Sunday, October 29, 2006

Following the Master

I went on a lovely hike yesterday with my spazzy little dog, Scout, and 11 adventurous ladies. I say adventurous because whenever I am in charge of an outing or event, interesting things can (and often do) happen!
Greg and I had actually hiked to Ramona Falls a few weeks back, just so I would be familiar with the trail. It's a seven mile loop with the breath-taking pay-off of Ramona falls about mid-way into it. Even though the hike is fairly long, there isn't much elevation gain and the trail meanderes along rivers, basalt cliffs and mossy-banked streams. A perfect hike, I decided, for novices and seasoned trekkers alike.
So I was really excited when 11 gals--ranging from completely inexperienced to Pacific Crest Trail veterans--showed up with backpacks and great expectations at the church.
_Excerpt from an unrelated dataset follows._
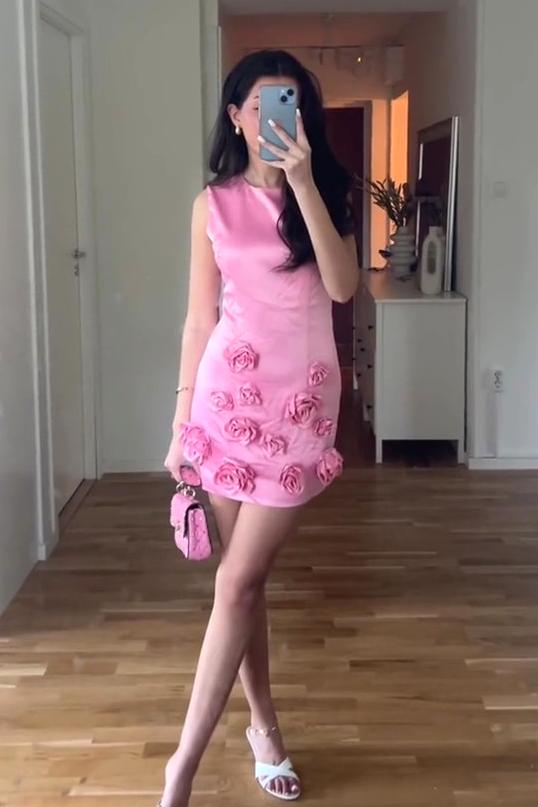 Ida Flowers Embellished Mini Dress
It was a frosty but beautiful fall morning when we hit the trail, and small groups of women chatted happily as we traveled over the leaf-covered path. Since we were all walking at such different paces, I decided the faster hikers would stop and wait for our slower sisters at certain junctions on the trail. I announced that our first meeting place would be the foot bridge that crossed the Sandy River.
It was a great idea, except for the fact that the bridge had disappeared, apparently washed out by recent rains. Waiting for the slower hikers to catch up with us, I paced along the river banks, hoping to find another way across. I finally spotted a place where several small logs had fallen across the river.
The logs were only about four inches in diameter, but one was positioned a few feet above another one--sort of like the uneven parallel bars. Sue, the veteran hiker, discovered that it wasn't too tough to hang onto the top log while side-stepping across the bottom one to reach the other side. A few of the ladies had to be prayed, coaxed and bribed across the logs, but they all made it with nary a slip.
I went last, wondering how Scout would get across. She's not afraid of water, but didn't seem too keen about plunging into the rocky, ice-cold stream. The same energy that had swept the little bridge away just days earlier was still evident as the high water raced through the narrow channel. Nope, Scout was definitely going to stay high and dry and follow me.
I grabbed the top log and began inching across, aware that Scout has hopped onto the higher log and was right behind me. Out of the corner of my eye, I could see her trotting confidently along, poised and quite pleased with herself. By the time we were nearly across, the ladies began to praise and applaud Scout for her wonderful performance.
Not a good idea.
About the same instant I leapt to the safety of the bank, Scout took her eyes off me and looked around at her admirers. Then she glanced down, at the rushing water just mere feet below her paws. Startled, she tried to hop onto the lower log, but her paw slipped and she fell into the frigid waters.
Stunned, but unhurt, she sloshed her way out of the river. A very humbled and soggy little dog scampered up the trail . . .
It may have taken us six hours to do a seven mile hike, but we all did it, washed-out bridge and all.
And that's all I have to say about that!


Anonymous said...

Great Story Shawn and perfect example why I like long hiking sticks. When you've high on the log you can still brace yourself against the bottom of the creek.

I did a group hike of ladies once. I'll never forget it. The numbers of hikers were 20+ and ages ranged even more. We got strung out in a long line with ever increasing gaps. Then the slower hikers tried to catch up with the faster (me) hikers. Some of them hyperventilated; hearts raced and one lady passed out. I felt terribly. The top of that ridge is now named “Dorothy’s Crossing”. We got her down ok but I will never again underestimate the dramatic impact of health and fitness when organizing a group hike.